Exercise description: Wherever a line below holds the word "outline", copy that line.

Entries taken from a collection
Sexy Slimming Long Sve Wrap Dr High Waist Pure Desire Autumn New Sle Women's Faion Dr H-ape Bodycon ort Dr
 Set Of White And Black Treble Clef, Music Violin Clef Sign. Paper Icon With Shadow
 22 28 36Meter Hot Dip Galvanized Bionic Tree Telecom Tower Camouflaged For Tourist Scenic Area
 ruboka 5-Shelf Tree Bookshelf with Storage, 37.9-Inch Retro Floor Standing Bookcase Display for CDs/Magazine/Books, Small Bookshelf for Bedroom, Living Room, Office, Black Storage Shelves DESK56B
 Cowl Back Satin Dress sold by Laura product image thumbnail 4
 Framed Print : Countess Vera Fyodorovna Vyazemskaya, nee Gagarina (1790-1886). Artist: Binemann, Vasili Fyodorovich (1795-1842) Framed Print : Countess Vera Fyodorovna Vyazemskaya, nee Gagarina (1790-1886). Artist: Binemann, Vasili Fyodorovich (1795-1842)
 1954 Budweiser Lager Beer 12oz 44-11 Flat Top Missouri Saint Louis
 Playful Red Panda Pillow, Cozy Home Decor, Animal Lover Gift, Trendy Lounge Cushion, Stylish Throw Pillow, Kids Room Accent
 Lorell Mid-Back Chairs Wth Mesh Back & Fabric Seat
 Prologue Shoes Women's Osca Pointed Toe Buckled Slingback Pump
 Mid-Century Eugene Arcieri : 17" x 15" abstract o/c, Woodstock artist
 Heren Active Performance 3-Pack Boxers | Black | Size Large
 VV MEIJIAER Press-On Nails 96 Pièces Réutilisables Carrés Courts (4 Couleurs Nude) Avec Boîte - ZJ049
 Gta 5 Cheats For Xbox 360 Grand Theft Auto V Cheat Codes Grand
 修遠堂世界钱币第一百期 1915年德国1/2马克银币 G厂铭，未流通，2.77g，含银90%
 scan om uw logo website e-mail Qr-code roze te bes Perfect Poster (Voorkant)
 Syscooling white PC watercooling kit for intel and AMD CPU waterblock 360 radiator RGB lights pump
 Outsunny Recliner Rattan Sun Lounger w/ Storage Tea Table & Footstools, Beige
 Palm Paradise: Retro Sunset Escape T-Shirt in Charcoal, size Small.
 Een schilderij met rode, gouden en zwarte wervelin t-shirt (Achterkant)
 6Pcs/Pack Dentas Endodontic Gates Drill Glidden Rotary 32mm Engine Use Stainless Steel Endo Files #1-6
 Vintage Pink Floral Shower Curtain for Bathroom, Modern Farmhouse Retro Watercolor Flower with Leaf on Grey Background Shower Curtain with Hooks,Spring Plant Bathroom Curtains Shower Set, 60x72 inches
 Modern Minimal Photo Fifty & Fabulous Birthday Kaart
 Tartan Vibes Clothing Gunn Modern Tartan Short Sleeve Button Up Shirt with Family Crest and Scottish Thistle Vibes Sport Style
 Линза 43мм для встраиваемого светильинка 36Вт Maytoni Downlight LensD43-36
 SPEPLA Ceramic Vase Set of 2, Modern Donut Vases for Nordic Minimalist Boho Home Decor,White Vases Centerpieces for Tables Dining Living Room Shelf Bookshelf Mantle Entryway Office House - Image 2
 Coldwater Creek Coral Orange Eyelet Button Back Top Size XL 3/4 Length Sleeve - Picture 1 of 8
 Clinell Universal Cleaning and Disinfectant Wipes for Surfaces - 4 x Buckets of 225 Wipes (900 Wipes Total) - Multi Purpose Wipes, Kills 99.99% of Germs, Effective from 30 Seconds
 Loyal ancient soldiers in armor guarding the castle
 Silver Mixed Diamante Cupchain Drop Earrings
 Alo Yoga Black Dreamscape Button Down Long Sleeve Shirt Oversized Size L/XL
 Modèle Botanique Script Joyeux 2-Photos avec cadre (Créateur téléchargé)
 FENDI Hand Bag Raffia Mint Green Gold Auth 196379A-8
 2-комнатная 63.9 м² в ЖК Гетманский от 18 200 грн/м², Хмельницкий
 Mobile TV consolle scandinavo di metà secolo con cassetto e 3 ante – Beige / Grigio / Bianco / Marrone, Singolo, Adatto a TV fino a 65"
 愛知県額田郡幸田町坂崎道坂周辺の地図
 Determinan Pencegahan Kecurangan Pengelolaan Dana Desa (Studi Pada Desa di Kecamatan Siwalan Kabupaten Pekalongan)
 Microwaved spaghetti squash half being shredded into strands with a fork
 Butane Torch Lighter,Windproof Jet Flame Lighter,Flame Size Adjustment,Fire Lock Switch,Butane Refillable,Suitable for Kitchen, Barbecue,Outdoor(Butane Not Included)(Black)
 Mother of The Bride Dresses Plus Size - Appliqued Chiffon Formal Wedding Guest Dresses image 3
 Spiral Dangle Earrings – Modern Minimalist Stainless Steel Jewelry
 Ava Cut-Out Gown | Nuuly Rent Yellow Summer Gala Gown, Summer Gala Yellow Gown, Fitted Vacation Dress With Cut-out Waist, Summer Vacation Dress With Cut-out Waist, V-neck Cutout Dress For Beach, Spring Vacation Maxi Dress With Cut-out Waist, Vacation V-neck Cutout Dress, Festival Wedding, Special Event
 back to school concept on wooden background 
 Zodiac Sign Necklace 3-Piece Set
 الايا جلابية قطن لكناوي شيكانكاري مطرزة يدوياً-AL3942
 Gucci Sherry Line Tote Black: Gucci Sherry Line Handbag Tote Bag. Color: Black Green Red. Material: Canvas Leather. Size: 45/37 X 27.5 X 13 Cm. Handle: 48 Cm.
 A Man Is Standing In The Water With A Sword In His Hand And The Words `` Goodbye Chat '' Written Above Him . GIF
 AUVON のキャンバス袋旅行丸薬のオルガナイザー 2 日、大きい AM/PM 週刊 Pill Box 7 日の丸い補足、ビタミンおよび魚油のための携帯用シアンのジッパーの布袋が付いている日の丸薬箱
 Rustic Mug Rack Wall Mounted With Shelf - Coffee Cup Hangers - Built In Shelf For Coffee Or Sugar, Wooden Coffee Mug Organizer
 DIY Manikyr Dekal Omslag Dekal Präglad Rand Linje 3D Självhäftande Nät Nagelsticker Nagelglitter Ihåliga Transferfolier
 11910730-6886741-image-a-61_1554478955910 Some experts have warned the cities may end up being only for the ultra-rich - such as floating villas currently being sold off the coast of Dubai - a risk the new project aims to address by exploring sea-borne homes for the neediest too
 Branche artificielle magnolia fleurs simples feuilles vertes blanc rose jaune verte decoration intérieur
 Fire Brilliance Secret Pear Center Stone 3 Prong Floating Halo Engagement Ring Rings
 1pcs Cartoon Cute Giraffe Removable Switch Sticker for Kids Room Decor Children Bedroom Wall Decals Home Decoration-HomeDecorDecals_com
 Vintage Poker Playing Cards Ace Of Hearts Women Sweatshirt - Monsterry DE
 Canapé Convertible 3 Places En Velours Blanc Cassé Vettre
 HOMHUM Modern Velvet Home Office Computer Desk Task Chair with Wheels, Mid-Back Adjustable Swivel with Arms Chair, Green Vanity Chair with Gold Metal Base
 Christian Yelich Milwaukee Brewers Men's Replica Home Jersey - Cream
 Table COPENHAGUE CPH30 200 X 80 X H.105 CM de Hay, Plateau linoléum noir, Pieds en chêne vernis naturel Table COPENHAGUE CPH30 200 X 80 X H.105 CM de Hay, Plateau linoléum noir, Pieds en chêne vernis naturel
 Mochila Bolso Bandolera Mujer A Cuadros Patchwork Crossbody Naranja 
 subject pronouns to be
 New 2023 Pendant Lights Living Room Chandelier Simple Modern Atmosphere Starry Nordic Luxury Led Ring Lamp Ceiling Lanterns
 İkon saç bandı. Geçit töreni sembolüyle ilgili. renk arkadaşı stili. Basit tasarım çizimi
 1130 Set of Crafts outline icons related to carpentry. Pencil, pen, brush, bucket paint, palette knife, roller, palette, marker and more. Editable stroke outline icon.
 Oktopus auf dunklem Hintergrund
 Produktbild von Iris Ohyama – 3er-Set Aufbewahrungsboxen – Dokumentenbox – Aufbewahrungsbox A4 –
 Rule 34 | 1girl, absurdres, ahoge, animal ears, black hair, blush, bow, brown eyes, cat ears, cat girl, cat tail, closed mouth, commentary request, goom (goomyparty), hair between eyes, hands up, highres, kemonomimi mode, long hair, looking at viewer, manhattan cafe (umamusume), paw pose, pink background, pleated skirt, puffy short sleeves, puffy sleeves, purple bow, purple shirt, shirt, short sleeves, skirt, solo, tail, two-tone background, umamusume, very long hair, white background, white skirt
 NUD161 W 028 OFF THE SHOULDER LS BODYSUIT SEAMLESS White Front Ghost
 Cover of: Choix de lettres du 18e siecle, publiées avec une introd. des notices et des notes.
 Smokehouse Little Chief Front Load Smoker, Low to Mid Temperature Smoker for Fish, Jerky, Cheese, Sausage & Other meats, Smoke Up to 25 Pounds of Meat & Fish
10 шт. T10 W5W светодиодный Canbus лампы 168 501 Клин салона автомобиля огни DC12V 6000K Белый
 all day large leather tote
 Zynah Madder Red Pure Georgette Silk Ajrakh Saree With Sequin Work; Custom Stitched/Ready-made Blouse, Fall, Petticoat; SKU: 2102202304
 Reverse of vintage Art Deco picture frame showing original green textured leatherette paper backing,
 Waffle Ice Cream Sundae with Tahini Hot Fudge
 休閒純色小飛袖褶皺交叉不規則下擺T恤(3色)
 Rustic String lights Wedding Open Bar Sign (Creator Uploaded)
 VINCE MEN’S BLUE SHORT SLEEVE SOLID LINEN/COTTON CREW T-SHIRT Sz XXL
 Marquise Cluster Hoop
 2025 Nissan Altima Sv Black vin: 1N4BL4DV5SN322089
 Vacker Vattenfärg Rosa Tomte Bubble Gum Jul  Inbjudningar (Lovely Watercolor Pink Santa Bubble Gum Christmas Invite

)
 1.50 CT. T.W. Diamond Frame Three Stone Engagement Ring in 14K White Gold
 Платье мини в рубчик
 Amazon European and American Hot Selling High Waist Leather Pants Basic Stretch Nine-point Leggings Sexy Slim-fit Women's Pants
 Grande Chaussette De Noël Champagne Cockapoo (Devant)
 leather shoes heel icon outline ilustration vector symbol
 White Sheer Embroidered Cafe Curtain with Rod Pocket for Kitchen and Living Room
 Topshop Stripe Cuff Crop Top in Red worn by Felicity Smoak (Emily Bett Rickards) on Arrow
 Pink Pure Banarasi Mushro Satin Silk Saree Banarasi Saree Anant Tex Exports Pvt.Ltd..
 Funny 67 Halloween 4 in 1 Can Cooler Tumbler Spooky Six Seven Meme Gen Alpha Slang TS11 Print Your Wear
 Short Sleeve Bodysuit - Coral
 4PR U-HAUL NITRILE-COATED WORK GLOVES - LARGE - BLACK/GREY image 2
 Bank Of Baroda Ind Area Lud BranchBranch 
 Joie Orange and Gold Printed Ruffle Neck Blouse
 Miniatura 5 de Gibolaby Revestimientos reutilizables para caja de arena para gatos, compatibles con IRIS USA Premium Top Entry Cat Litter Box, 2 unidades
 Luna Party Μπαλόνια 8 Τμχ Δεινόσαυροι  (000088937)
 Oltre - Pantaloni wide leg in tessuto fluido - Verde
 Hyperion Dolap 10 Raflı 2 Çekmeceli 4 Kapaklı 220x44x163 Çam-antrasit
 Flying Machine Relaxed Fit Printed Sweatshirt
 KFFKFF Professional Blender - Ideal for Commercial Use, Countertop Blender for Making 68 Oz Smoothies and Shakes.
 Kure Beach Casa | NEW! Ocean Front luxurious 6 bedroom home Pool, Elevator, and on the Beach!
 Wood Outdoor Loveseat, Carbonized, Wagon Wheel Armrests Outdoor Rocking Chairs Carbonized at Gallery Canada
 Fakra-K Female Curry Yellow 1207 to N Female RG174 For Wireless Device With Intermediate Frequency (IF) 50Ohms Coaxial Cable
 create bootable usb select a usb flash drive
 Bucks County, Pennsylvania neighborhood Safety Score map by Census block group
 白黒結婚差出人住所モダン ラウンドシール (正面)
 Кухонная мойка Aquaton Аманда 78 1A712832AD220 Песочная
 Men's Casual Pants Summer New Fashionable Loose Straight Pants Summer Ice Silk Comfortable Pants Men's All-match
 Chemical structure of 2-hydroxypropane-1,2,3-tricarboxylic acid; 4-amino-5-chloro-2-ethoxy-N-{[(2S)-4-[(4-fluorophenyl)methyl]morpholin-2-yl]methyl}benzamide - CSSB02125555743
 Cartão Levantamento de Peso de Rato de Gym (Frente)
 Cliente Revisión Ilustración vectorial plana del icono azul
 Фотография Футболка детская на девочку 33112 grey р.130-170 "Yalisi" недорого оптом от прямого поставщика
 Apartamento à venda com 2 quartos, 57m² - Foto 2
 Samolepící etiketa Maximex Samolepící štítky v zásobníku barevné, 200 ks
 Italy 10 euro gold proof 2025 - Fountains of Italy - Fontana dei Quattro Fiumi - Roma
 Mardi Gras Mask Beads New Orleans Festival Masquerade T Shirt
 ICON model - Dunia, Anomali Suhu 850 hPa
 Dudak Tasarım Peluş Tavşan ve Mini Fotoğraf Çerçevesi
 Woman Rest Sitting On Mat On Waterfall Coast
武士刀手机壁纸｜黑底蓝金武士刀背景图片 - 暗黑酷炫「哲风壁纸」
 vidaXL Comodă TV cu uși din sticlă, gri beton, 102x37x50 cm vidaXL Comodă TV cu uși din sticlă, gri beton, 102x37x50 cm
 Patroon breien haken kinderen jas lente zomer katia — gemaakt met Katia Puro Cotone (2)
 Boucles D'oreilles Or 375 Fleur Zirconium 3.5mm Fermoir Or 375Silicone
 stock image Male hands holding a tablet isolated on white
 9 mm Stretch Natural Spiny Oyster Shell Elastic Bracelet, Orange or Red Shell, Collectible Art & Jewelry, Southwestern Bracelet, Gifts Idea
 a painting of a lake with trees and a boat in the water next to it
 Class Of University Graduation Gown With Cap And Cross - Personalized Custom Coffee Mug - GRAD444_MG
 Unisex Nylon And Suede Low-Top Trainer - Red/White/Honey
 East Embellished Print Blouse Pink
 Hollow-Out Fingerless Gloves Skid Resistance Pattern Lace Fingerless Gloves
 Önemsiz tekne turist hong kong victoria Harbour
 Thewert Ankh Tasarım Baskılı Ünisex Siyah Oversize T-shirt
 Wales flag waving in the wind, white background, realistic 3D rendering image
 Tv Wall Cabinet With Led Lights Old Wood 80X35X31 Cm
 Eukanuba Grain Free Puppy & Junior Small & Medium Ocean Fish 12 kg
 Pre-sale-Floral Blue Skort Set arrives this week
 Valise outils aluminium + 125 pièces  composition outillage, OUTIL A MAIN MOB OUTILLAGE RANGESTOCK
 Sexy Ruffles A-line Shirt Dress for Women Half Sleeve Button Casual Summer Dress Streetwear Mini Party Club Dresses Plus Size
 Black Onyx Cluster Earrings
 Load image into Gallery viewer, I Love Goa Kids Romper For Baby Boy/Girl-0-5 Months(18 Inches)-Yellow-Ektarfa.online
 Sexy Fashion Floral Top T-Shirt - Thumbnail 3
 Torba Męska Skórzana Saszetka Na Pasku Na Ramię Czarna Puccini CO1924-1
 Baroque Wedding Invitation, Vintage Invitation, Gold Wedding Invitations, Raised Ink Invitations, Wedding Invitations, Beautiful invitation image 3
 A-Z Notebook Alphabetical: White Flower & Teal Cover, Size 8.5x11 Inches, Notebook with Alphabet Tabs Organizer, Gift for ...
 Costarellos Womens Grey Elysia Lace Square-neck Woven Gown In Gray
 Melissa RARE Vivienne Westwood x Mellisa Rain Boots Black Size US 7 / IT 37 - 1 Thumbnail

Response to this exercise:
 1130 Set of Crafts outline icons related to carpentry. Pencil, pen, brush, bucket paint, palette knife, roller, palette, marker and more. Editable stroke outline icon.
 leather shoes heel icon outline ilustration vector symbol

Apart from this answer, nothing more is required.